- [Problem requirements] Leave out all lines before the one containing "7913 E Wolf Creek Road, Wasilla, AK 99654", and copy that line and all the rest below it exactly.

- [Supplied material]
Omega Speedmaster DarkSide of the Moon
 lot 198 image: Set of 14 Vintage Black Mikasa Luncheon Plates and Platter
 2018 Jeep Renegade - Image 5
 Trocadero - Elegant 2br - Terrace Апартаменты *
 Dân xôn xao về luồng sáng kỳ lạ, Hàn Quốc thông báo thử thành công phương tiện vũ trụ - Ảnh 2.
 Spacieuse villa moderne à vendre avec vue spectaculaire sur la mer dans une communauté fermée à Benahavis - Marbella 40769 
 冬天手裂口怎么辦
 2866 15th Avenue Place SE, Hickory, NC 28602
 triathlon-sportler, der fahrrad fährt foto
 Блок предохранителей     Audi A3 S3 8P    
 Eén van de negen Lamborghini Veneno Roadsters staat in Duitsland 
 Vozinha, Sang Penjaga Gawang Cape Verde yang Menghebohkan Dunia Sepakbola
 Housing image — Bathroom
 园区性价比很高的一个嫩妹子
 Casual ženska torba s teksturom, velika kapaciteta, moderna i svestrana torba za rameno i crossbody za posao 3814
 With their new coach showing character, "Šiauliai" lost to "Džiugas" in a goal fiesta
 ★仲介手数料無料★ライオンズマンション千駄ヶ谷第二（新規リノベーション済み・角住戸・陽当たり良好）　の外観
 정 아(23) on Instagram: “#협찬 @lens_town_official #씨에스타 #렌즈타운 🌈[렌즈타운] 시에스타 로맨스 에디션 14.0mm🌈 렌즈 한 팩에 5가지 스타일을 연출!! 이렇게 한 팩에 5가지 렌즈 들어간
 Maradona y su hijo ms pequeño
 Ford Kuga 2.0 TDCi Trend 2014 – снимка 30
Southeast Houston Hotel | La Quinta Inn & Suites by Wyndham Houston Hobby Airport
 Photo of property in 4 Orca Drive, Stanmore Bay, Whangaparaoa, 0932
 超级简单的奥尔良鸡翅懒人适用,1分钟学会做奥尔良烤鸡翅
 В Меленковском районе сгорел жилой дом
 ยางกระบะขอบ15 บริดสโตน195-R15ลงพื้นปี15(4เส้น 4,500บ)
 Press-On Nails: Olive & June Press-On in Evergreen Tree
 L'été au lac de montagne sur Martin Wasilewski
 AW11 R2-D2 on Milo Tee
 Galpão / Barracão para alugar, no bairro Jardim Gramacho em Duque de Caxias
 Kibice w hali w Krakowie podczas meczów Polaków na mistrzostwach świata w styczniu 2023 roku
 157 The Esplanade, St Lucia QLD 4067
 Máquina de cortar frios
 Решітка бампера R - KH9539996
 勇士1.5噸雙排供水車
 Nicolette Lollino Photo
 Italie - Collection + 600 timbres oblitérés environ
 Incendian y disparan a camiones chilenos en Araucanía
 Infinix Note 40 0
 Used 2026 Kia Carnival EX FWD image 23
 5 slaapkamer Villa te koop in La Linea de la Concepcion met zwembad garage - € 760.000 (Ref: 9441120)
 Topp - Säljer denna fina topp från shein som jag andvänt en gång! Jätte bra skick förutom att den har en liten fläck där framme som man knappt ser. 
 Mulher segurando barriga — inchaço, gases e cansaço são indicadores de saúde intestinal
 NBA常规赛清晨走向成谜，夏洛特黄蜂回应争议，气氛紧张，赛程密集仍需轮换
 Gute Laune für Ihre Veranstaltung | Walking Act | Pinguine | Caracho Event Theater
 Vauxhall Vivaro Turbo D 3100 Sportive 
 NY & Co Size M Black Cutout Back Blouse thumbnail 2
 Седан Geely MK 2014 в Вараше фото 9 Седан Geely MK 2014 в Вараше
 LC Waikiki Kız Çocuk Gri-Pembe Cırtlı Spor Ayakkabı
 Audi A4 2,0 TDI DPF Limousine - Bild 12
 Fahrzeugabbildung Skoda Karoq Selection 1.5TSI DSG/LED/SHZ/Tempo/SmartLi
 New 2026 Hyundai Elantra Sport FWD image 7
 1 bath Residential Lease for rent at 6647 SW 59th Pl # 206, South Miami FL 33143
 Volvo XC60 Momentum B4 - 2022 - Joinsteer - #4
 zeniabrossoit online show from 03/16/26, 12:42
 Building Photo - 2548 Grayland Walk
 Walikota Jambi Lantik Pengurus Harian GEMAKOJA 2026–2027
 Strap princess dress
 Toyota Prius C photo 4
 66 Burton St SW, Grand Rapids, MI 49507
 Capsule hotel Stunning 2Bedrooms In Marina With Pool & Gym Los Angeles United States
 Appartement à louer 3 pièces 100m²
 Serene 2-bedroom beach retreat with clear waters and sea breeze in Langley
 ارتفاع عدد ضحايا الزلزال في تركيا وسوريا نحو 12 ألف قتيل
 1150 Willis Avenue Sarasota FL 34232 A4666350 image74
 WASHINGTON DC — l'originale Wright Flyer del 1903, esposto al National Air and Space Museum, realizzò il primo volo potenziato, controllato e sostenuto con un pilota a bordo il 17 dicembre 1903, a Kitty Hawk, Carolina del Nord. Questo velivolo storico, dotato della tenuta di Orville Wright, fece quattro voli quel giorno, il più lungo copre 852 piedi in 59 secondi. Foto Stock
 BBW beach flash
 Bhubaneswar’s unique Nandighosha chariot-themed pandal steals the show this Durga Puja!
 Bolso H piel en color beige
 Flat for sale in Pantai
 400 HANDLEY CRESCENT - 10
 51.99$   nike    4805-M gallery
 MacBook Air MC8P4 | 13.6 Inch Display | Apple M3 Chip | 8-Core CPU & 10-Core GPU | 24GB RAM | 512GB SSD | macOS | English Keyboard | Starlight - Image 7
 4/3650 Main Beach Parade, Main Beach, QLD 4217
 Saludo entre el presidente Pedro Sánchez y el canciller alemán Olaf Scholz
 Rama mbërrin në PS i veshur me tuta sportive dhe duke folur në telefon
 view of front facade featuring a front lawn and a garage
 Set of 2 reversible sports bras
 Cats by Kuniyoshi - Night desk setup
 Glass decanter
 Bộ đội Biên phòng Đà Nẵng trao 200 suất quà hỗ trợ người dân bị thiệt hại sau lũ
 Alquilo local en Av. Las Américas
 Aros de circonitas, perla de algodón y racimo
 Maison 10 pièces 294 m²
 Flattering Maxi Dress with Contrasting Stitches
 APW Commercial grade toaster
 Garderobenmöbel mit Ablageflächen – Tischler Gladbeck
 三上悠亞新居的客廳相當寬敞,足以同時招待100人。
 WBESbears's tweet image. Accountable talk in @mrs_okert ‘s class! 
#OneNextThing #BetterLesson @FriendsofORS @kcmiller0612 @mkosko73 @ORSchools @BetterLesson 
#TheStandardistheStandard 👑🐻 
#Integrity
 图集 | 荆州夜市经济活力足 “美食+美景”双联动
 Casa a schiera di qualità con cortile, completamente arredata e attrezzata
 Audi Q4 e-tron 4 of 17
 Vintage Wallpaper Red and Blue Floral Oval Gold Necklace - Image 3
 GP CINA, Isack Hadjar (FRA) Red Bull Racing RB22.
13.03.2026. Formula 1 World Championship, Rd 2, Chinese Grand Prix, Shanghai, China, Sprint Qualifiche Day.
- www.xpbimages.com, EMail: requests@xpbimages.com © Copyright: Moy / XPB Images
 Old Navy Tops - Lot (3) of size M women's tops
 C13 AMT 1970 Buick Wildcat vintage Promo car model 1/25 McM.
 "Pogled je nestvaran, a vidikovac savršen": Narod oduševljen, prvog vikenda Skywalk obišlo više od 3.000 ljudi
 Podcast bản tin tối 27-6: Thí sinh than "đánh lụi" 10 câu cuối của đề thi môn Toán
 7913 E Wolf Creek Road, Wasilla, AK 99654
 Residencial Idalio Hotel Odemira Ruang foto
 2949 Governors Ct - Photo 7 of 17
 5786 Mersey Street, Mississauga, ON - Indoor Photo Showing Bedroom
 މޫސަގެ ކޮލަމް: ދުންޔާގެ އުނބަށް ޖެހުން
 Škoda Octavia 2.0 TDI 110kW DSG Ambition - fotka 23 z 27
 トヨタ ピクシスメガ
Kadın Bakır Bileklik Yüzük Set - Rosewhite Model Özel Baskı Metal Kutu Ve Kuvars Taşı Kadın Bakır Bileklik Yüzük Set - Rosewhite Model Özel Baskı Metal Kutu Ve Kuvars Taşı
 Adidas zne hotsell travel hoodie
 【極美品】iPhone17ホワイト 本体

- [Reply]
 7913 E Wolf Creek Road, Wasilla, AK 99654
 Residencial Idalio Hotel Odemira Ruang foto
 2949 Governors Ct - Photo 7 of 17
 5786 Mersey Street, Mississauga, ON - Indoor Photo Showing Bedroom
 މޫސަގެ ކޮލަމް: ދުންޔާގެ އުނބަށް ޖެހުން
 Škoda Octavia 2.0 TDI 110kW DSG Ambition - fotka 23 z 27
 トヨタ ピクシスメガ
Kadın Bakır Bileklik Yüzük Set - Rosewhite Model Özel Baskı Metal Kutu Ve Kuvars Taşı Kadın Bakır Bileklik Yüzük Set - Rosewhite Model Özel Baskı Metal Kutu Ve Kuvars Taşı
 Adidas zne hotsell travel hoodie
 【極美品】iPhone17ホワイト 本体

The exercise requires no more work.